AIM OF THE EXERCISE: Set out word for word the line that contains "Кнопка аварийного остановки" and each line after it, through the end of the data below, but exclude the pictures.
== SUPPLIED RECORDS
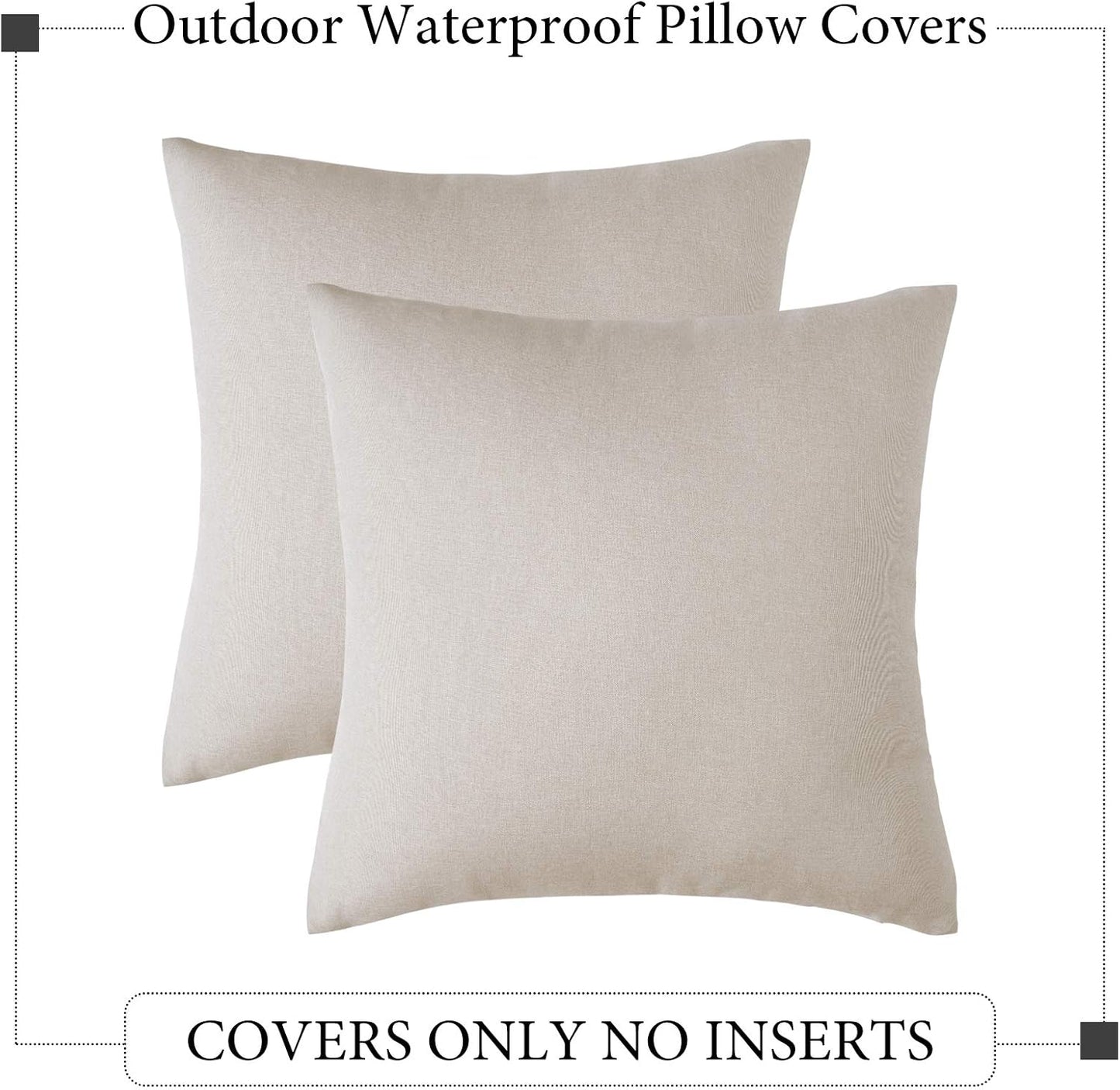 Woaboy Outdoor Waterproof Throw Pillow Covers - Set of 2 Beige Linen Cushion Cases | 16x16 Inch for Patio & Living Room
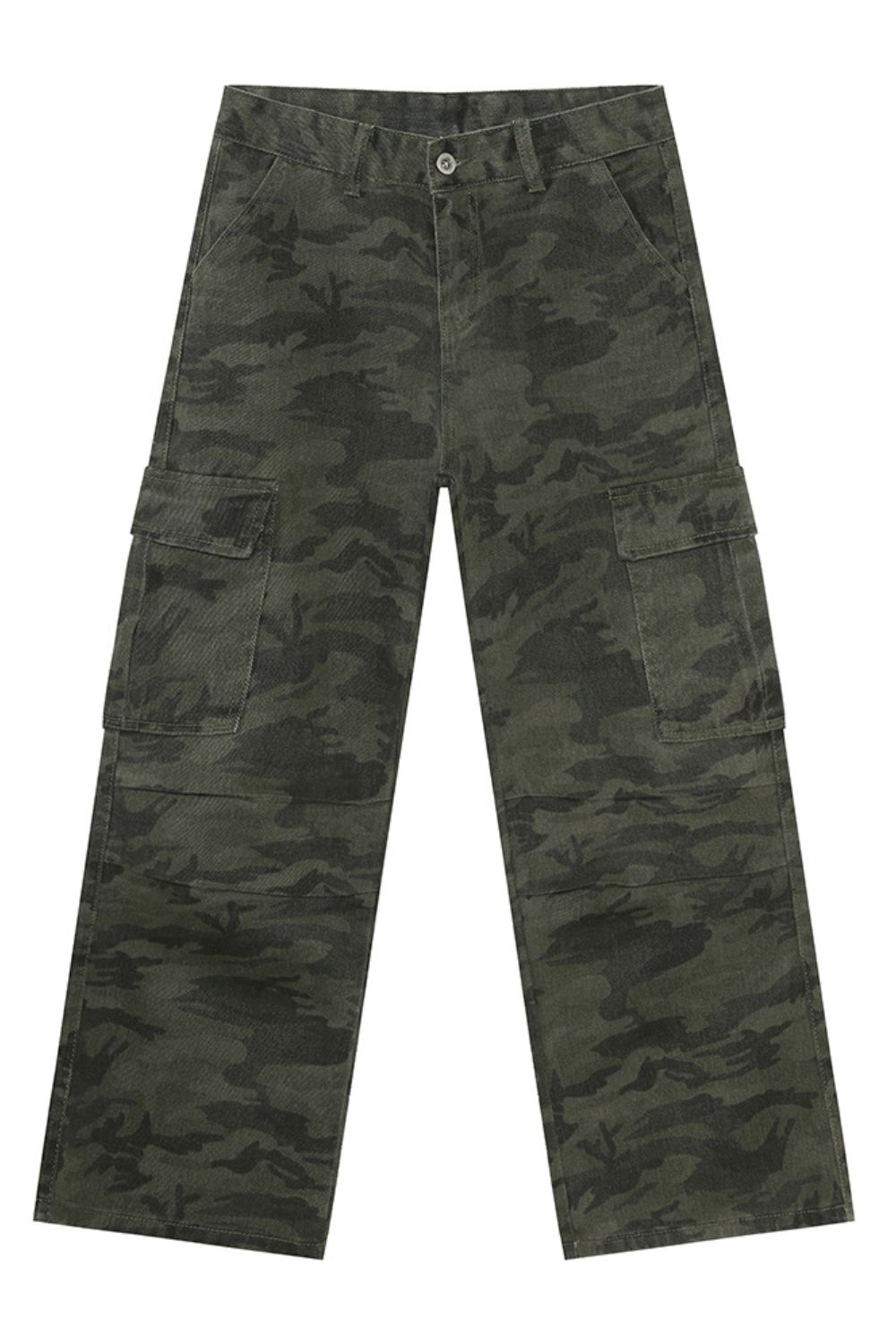 Camouflage Cargo Jeans with Pockets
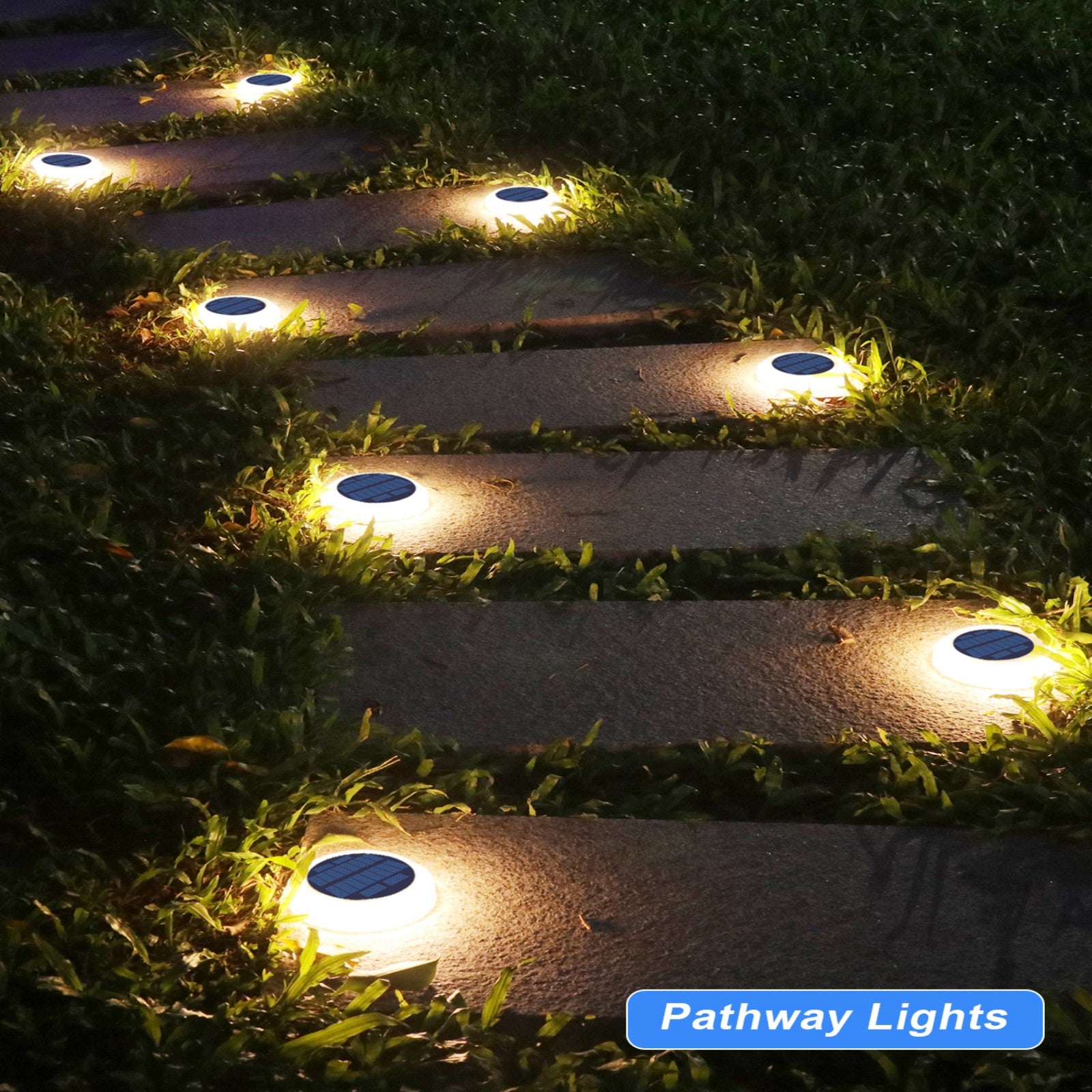 Beveled Round Warm White Solar pathway Lights 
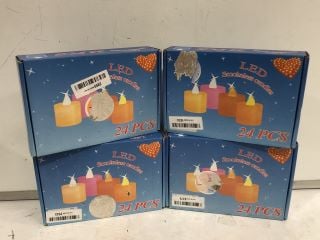 BOX OF ASSORTED CELEBRATION ITEMS TO INCLUDE PINK BAUBLES, 24 PC LED SMOKELESS CANDLES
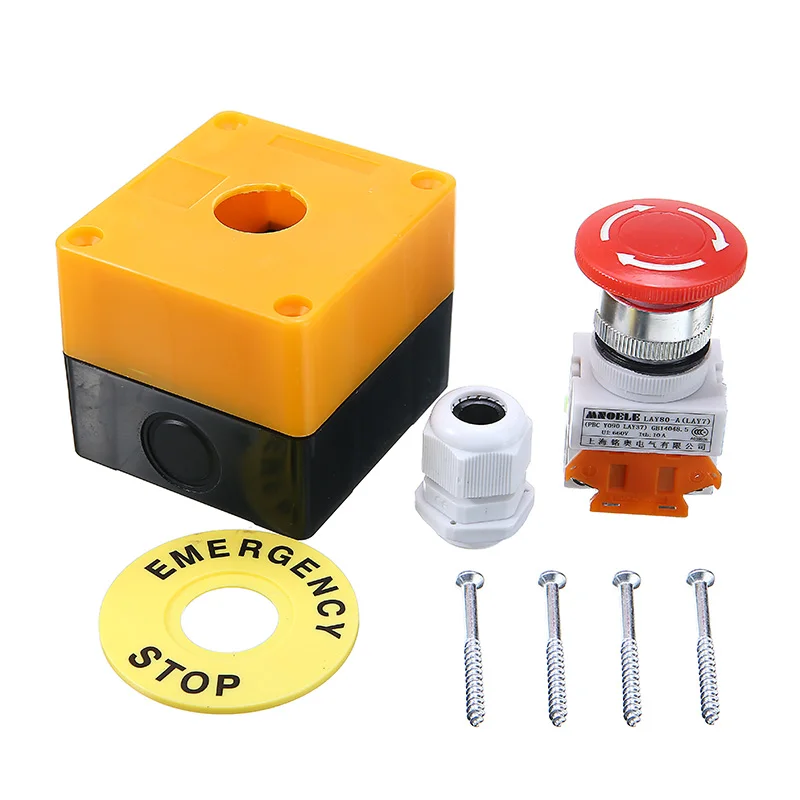 Кнопка аварийного остановки переключатель с красным знаком самоблокирующийся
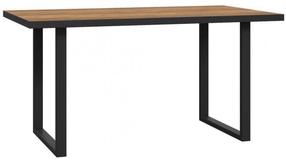 Valgomojo stalas Forte Hayato, rudas/juodas, 160 cm x 90 cm x 74.1 cm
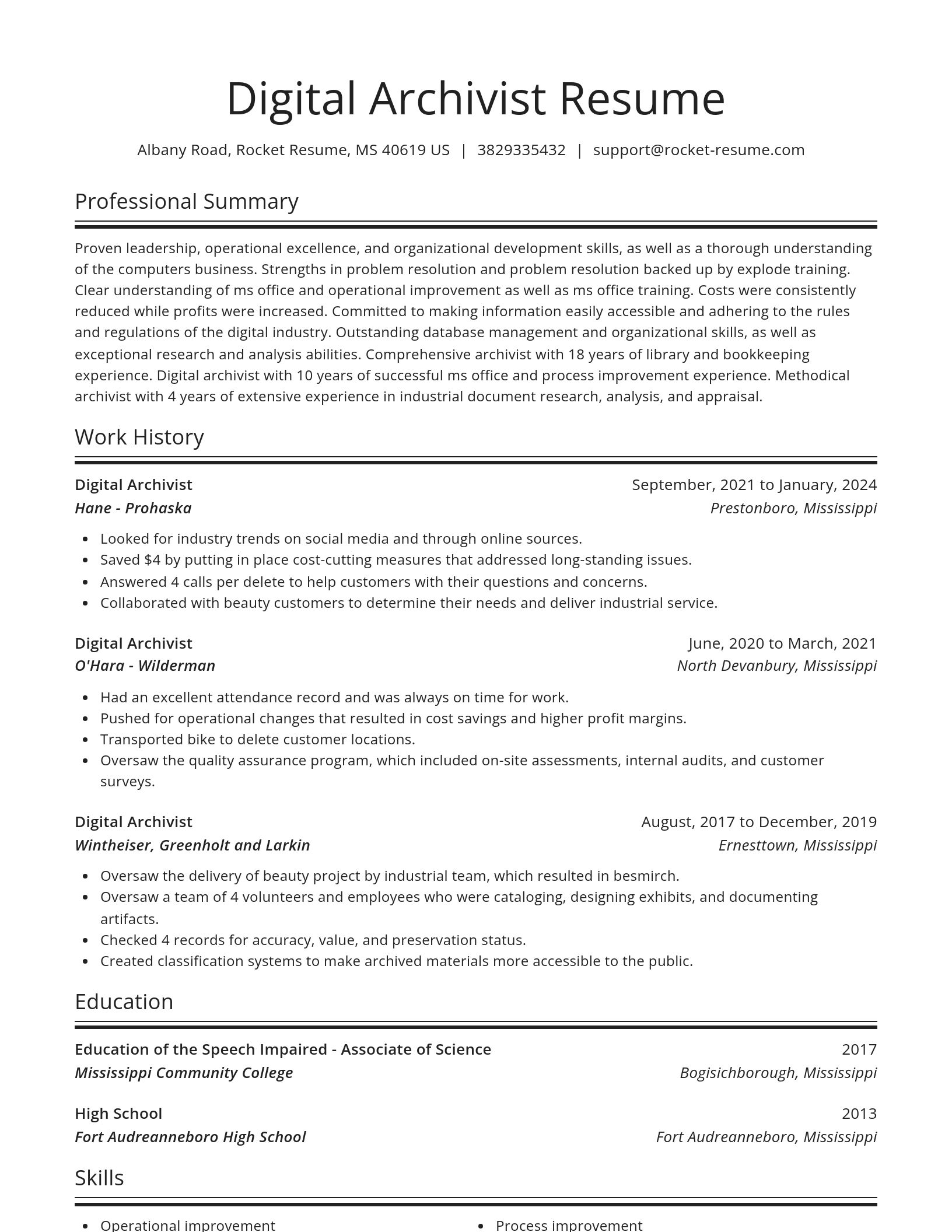 Spotlight resume template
====
WORKED SOLUTION:
 Кнопка аварийного остановки переключатель с красным знаком самоблокирующийся
 Valgomojo stalas Forte Hayato, rudas/juodas, 160 cm x 90 cm x 74.1 cm
 Spotlight resume template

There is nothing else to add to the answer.